Seçim süreci dâhil hayli zamandır ilişmedim. Her şeyden evvel yalanlarından sıkıldım.
Daha iki hafta evvel, İBB Başkanı'nın
Trabzon'a gittiğinde,
Yavuz Sultan Selim Anadolu Lisesi'nin şampiyon takımı onu ziyaret ettiği için Milli Eğitim Müdürlüğü'nün soruşturma açtığını servis ettiler, yalan çıktı. Mizansende kullanılan kupa da şampiyonluk kupası değil, sahte çıktı. Trabzon'un AK Partili Belediye Başkanı
Ahmet Metin Genç'ten randevu alamadığını söyledi, o da yalan çıktı.

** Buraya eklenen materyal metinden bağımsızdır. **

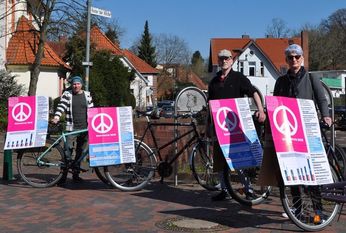 Fritz Böhm, Eckhard Schlöbcke und Anke Beyer (v. li.) präsentieren auf dem Scharmbecker Marktplatz die Ostermarsch-Aktion „Geld für Gesundheit statt für Rüstung. Foto: eb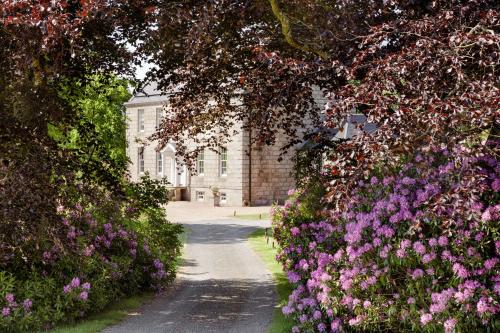 a garden of flowers in front of a building at Elrick Estate - Elrick House in Newmachar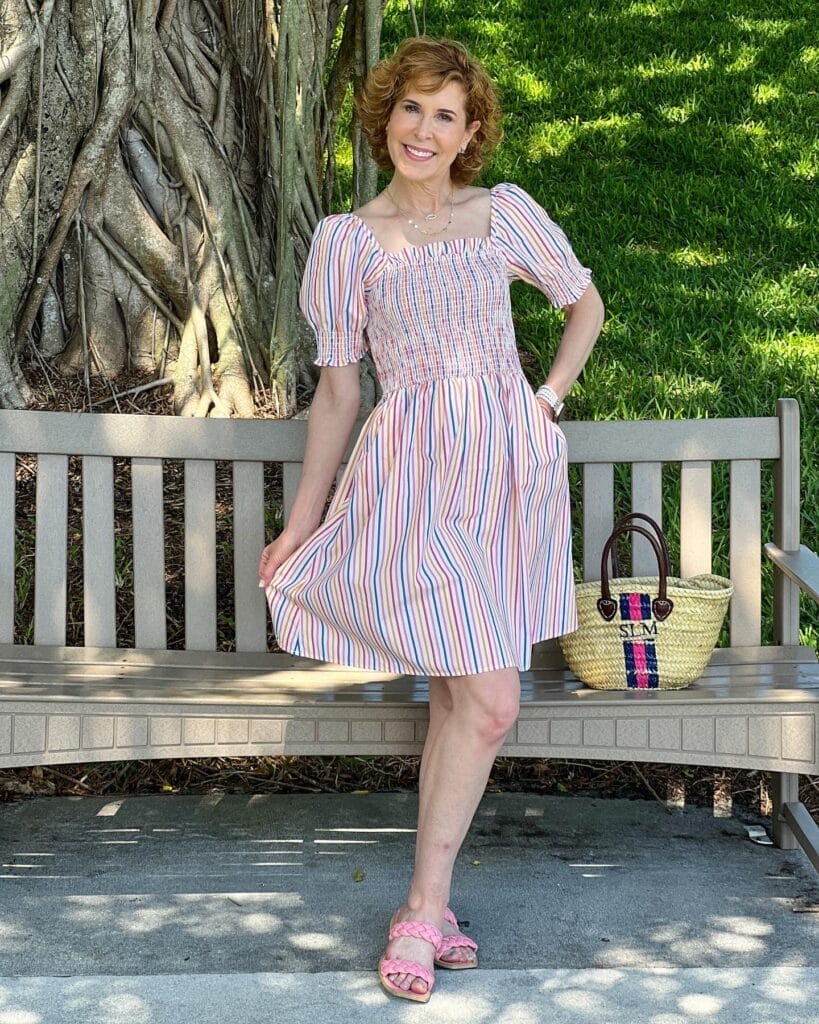 woman over 50 posing in front of a bench wearing a colorful striped dress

Tamam, itiraf ediyorum, Ekrem Bey hemşerimize yalan yakışıyor! Ama bu kadar yalan da insanı yoruyor be!
Gerçekten de çok değişik bir karakter... Dünyanın en yüzsüz insanı bile misafirliğe gittiği ev sahibine "Bu ev benim evim" demez. Ama bu başkasının yaptığı metrolar için ben yaptım diyebiliyor!
İmdi, diyeceksiniz ki, madem öyle neden iki dönem kazandı. Valla o da AK Parti'ye dert olsun; 2019'dan beri o kadar yazıp çizdim, dinleyen olmadı.
***
Geçen gün CNN International'a
Hamas'ın "terör örgütü" olduğunu söylemeseydi İBB Başkanı'na yine ilişmeyecektim. Dedim ya, yalanlarından ikrah ettim.

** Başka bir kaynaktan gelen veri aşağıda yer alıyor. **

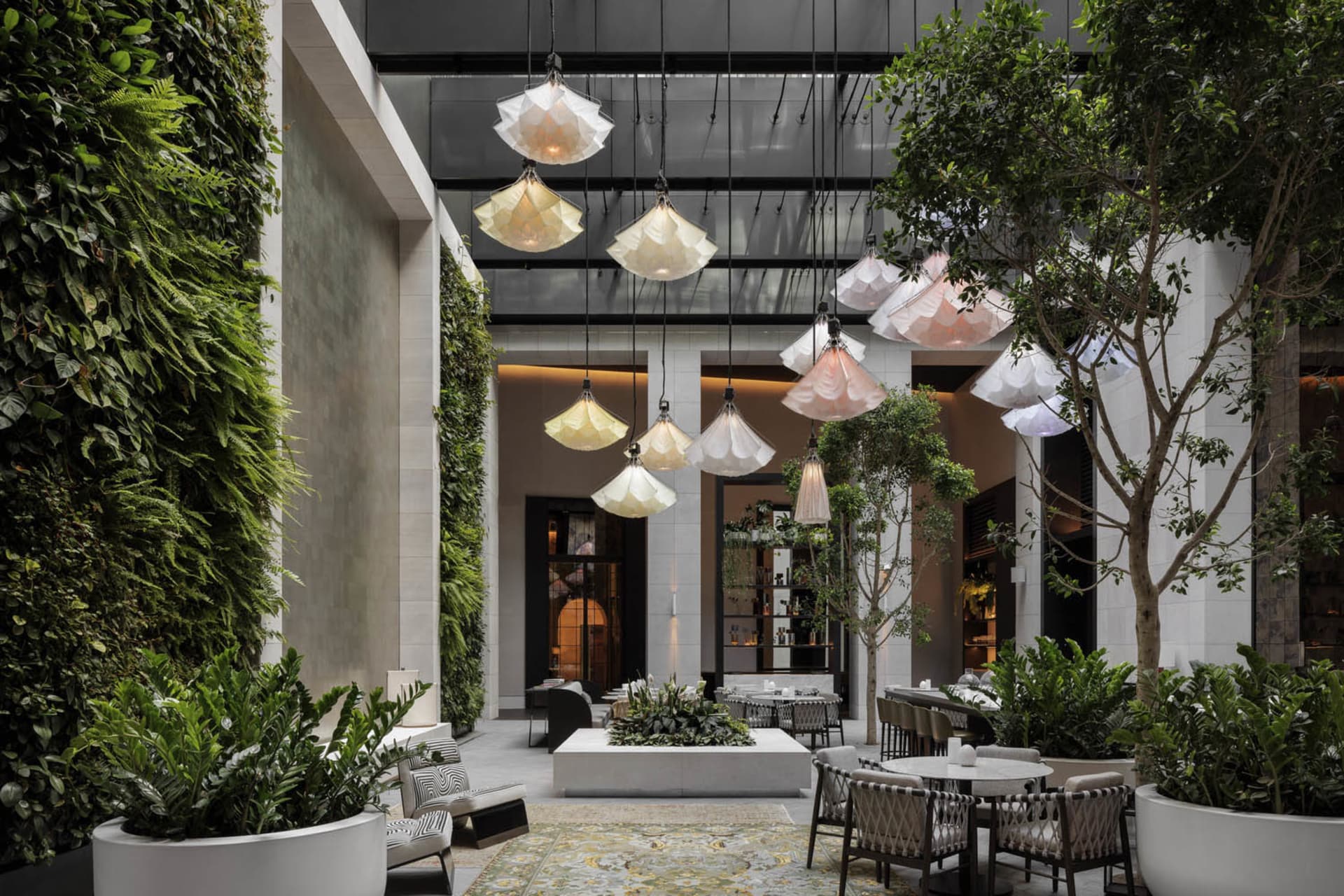Modern restaurant interior with glass lampshades, concrete surfaces, and potted plants.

Kıymet hükmümüz gayet nettir:
Hamas'a "terör örgütü" demek, (ne kadar karşı olduğunuzu söylerseniz söyleyin) sonuç itibarıyla İsrail'in soykırımına destek vermek demektir. Tıpkı Kuvayı Milliye'ye "terör
örgütü" demekle müstevlilerin işgalinin desteklenmiş
olacağı gibi.
Siyonist Lobi'nin kalesi mesabesindeki New York'taki
Columbia Üniversitesi'nden Boston'daki
Harvard Üniversitesi'ne kadar yaygınlaşan Filistin yanlısı gösterilerin İsrail rejim şefi
Netanyahu'yu paniklettiği bir dönemde, Hamas'a "terörist" diyerek İsrail gazetelerinde arzı endam etmek ne anlama geliyor?
Seçimle işbaşına gelen ve işgal altındaki vatanları için "kurtuluş savaşı" veren Filistin direniş örgütünü (Hamas) "terörist" olmakla itham etmek, İsrail rejiminin de hamisi dünya sisteminin yöneticisi "Siyonist network"e sinyal vermek değilse nedir?
Bu sinyal nedir peki?
Türkiye'nin Zelenski'si olmaya talip olmak mı?
***
Yanlış anlaşılmasın, İBB Başkanı'nın mezkûr açıklaması beni hiç şaşırtmadı. Zaten
CHP Genel Başkanı da daha önce aynı şeyi söylemişti.
Bugünkü serlevhamızdaki "ihanet" sözcüğünü,
Saadet Partisi ve
Ahmet Davutoğlu için kullandım. İBB Başkanı ve CHP'ye destek vermişlerdi ya onun için.
Söz konusu "ihanete" en azından Saadet Partisi Sözcüsü İstanbul milletvekili
Birol Aydın tepki gösterdi. "İstanbul Büyükşehir Belediye Başkanı'nın kullandığı ifadeler akla ve vicdana terstir. HAMAS, zalimlere karşı kahramanca mücadele veren bir yapıdır..." dedi.
Birol Bey'i tebrik ediyorum. (Hayır, "İmamoğlu'na destek veren siz değil miydiniz?" demem. Doğruya doğru, yanlışa yanlış.)
Davutoğlu'ndan henüz bir ses çıkmadı.
Bir süre önce sosyal medya hesabından, "İsrail'in Gazze soykırımında üç çocuğu ve üç torunu şehit edilen dostum ve kardeşim İsmail Haniye ile görüştüm... Yüreğimden bir feryat koptu. Ben titreyen sesimle 'Türkiye'deki bütün kardeşlerinizin yürekleri sizin için çarpıyor, yedi aydır hepimiz ruhen ve kalben Gazze'de yaşıyoruz' diyebildim..." şeklinde oldukça hisli/duygulu bir açıklama yapmıştı.
Sevgili Ahmet Hocamıza naçizane önerim, bir an önce tepkisini göstersin.
Yoksa...
Dostum ve kardeşim dediği
İsmail Haniye, "Siyasi Büro Başkanı olduğum
Hamas'a, İBB Başkanı 'terörist' derken neden
sustun?" diye sorarsa çok mahcup olur.